• **Instructions to follow**
Pictures in the records below must be left out. Return exactly the lines from the line with "Στιγμιότυπο από την" to the line with "Mascarpone with cherry and strawberry jam", both included.

• **Information given**
☆ ☆ ☆ ☆ ☆ ☆ ☆
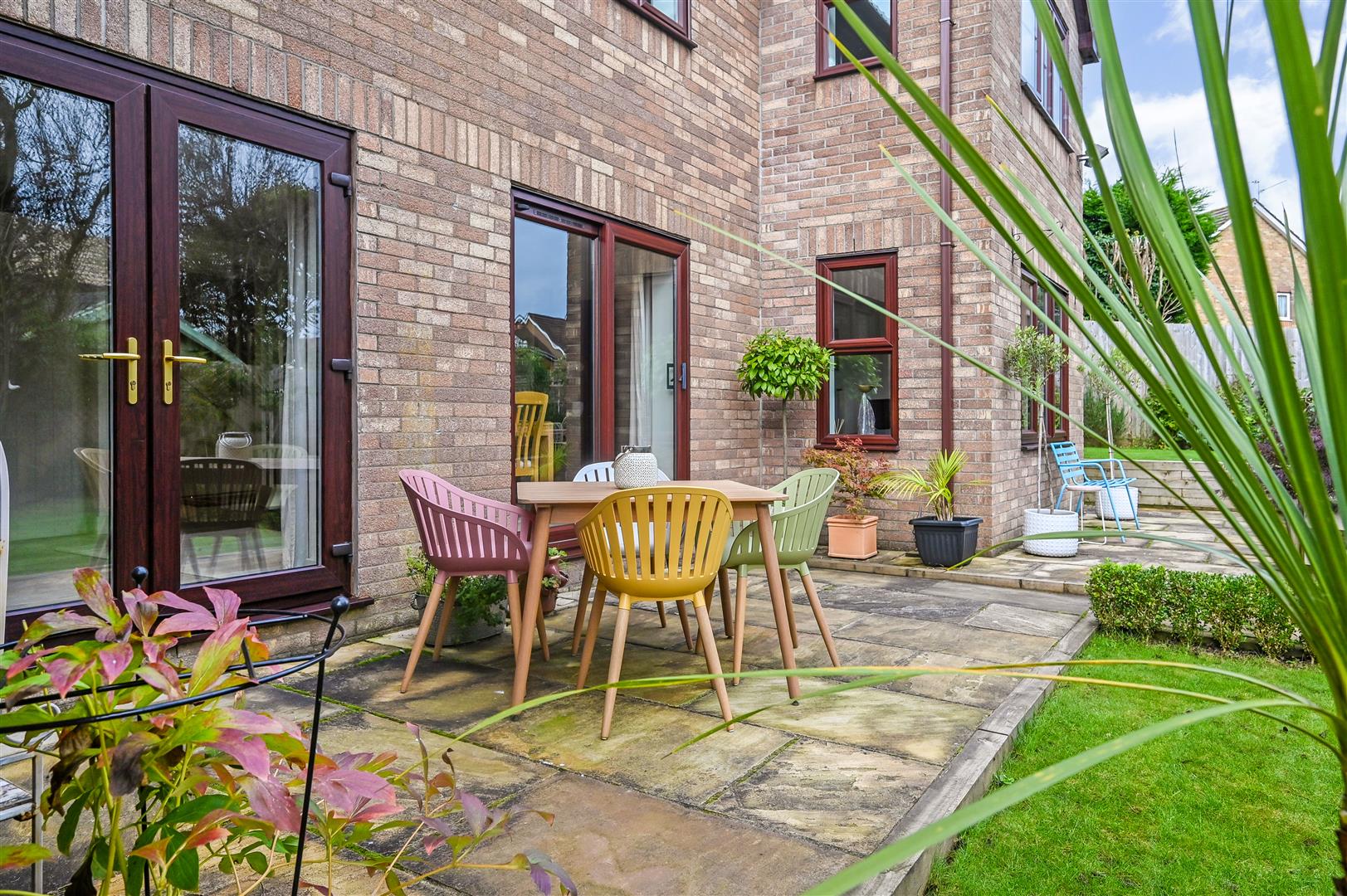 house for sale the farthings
☆ ☆ ☆ ☆ ☆ ☆ ☆
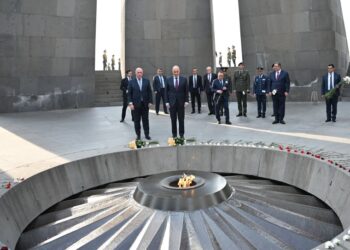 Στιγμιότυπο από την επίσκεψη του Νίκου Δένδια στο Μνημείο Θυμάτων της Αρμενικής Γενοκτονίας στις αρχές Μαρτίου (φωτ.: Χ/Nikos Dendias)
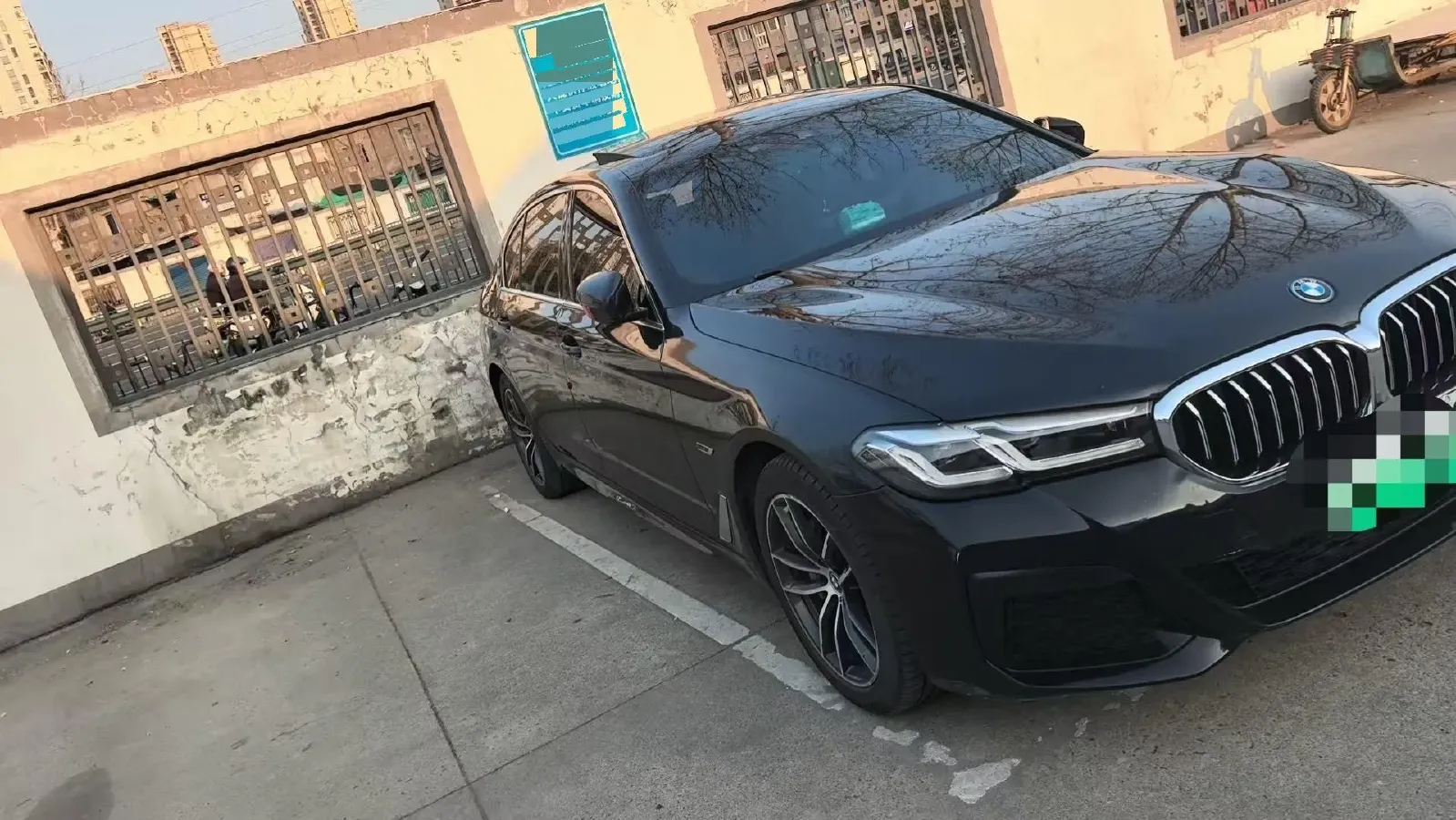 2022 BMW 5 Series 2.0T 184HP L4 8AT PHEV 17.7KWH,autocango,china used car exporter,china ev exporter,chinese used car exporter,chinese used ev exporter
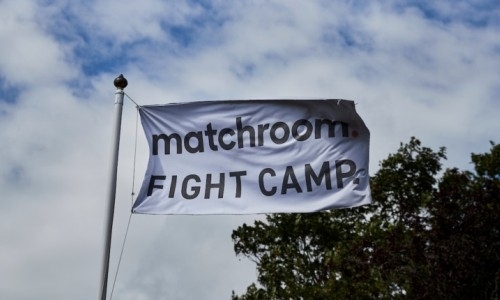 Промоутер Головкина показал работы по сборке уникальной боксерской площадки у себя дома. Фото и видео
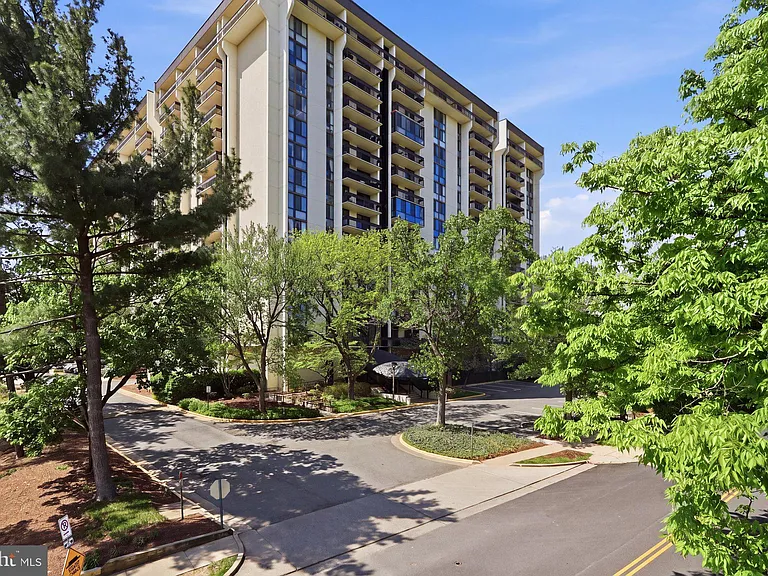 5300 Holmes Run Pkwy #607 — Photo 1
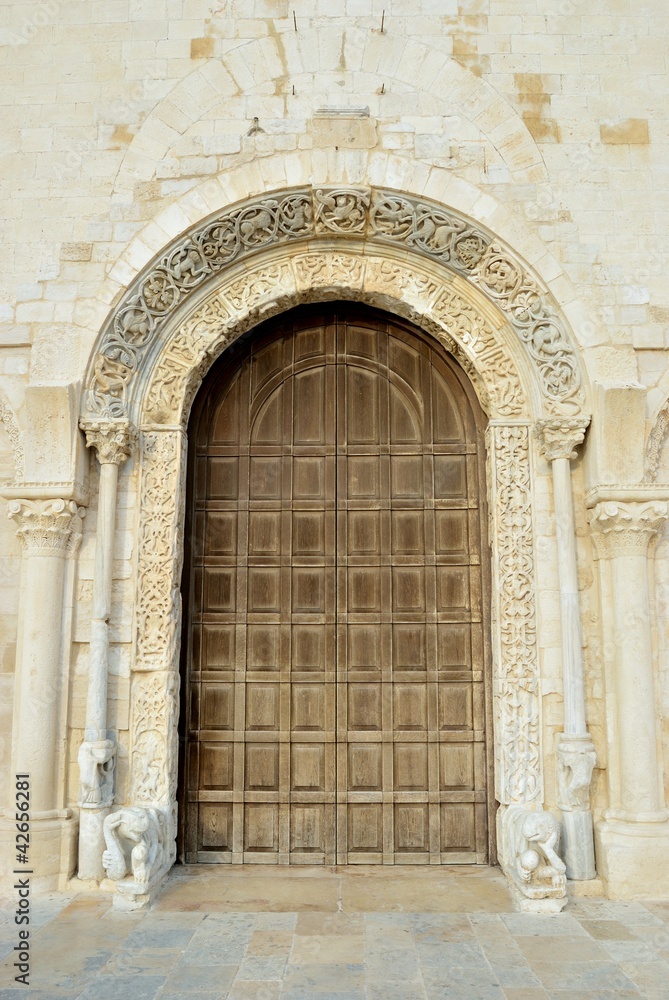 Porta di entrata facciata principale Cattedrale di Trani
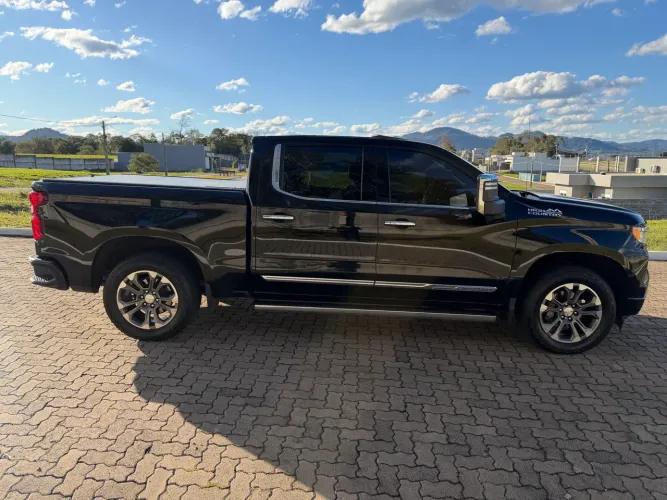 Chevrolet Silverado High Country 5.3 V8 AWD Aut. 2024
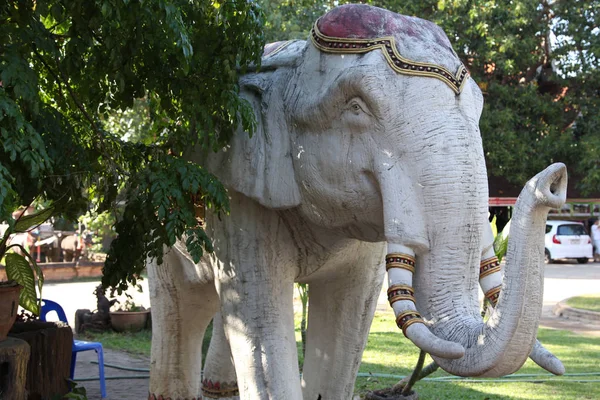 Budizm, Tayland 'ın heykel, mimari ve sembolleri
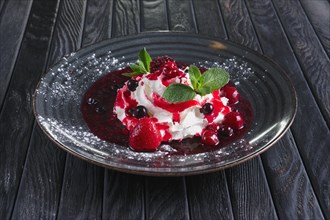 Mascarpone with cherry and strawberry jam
☆ ☆ ☆ ☆ ☆ ☆ ☆
• **Task result**
 Στιγμιότυπο από την επίσκεψη του Νίκου Δένδια στο Μνημείο Θυμάτων της Αρμενικής Γενοκτονίας στις αρχές Μαρτίου (φωτ.: Χ/Nikos Dendias)
 2022 BMW 5 Series 2.0T 184HP L4 8AT PHEV 17.7KWH,autocango,china used car exporter,china ev exporter,chinese used car exporter,chinese used ev exporter
 Промоутер Головкина показал работы по сборке уникальной боксерской площадки у себя дома. Фото и видео
 5300 Holmes Run Pkwy #607 — Photo 1
 Porta di entrata facciata principale Cattedrale di Trani
 Chevrolet Silverado High Country 5.3 V8 AWD Aut. 2024
 Budizm, Tayland 'ın heykel, mimari ve sembolleri
 Mascarpone with cherry and strawberry jam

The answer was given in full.